## Brief:
Transcribe all of the data verbatim, please, and leave out its pictures.

## Caption-style text data:
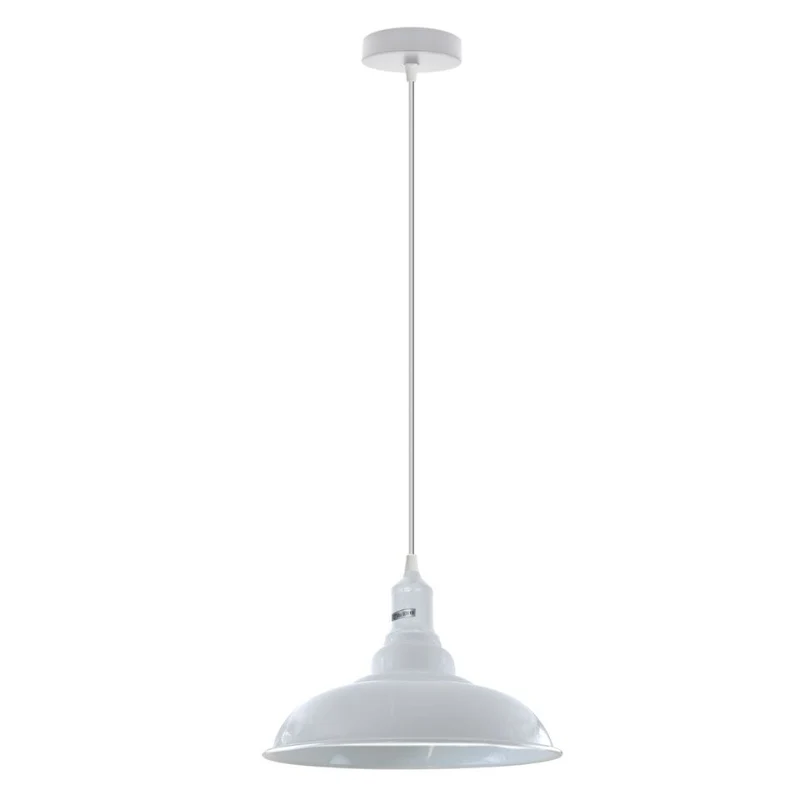 Hängelampen ,farben weiß ,Ø 32 cm ,E27 antike lampe~3004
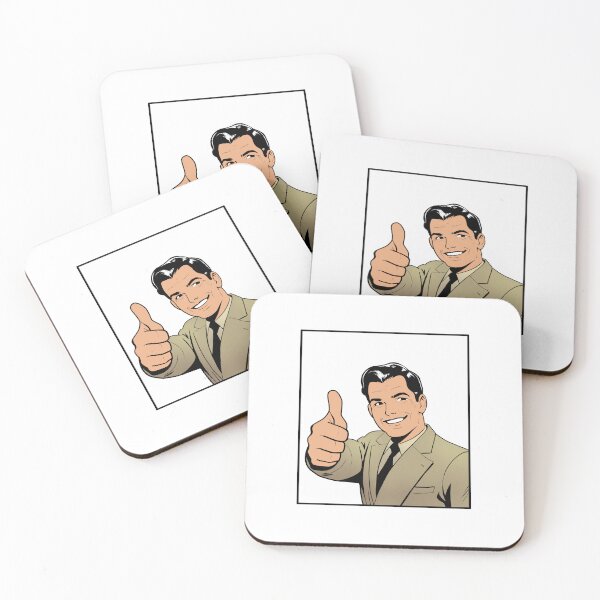Item preview, Man Thumbs Up Illustration designed and sold by NordicBadger.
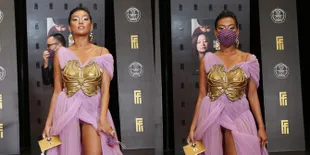 Potret Pesona Eksotis Asmara Abigail di FFI 2021, Gaun Belahan Tingginya Curi Perhatian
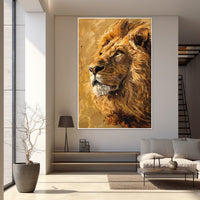 Thumbnail for Peinture Lion Moderne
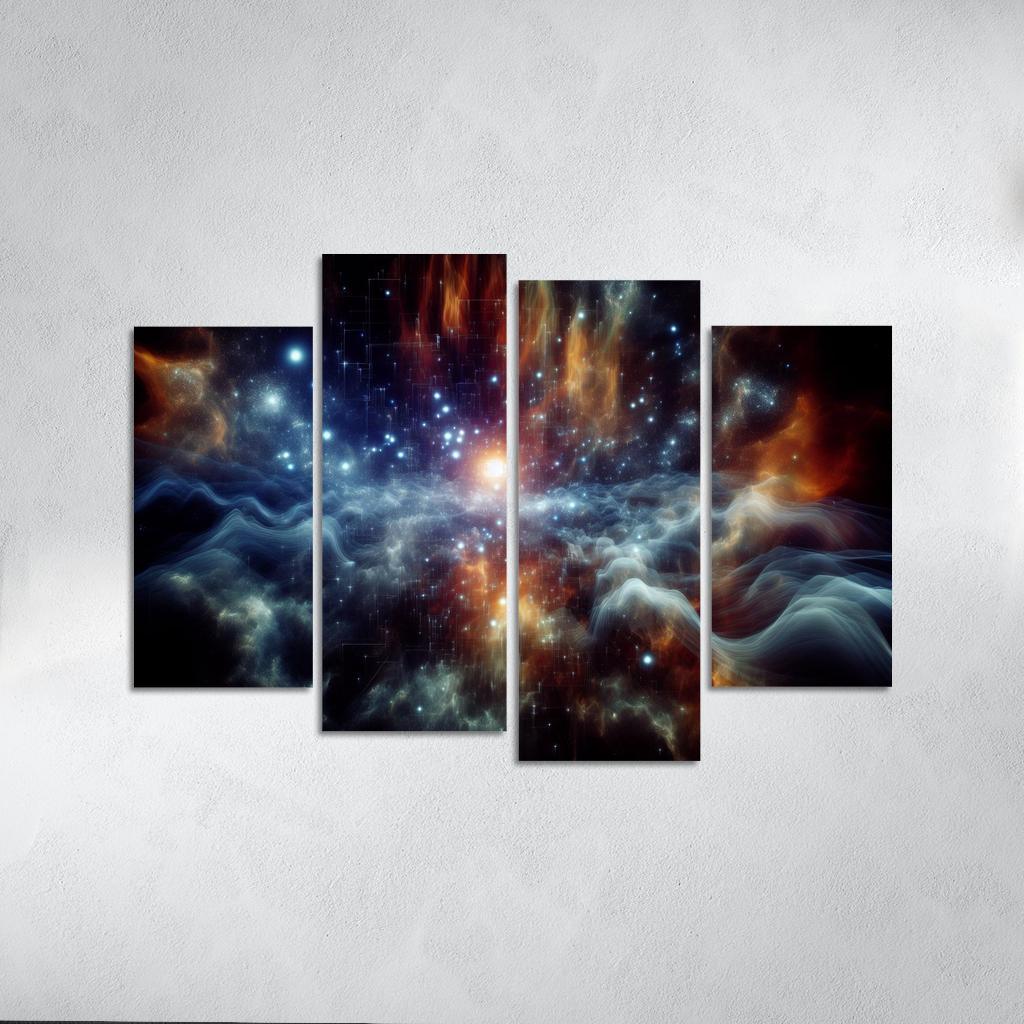 The Marvels Of Cosmic Background Radiation Abstract Paintings Frame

## The answer:
 Hängelampen ,farben weiß ,Ø 32 cm ,E27 antike lampe~3004
Item preview, Man Thumbs Up Illustration designed and sold by NordicBadger.
 Potret Pesona Eksotis Asmara Abigail di FFI 2021, Gaun Belahan Tingginya Curi Perhatian
 Thumbnail for Peinture Lion Moderne
 The Marvels Of Cosmic Background Radiation Abstract Paintings Frame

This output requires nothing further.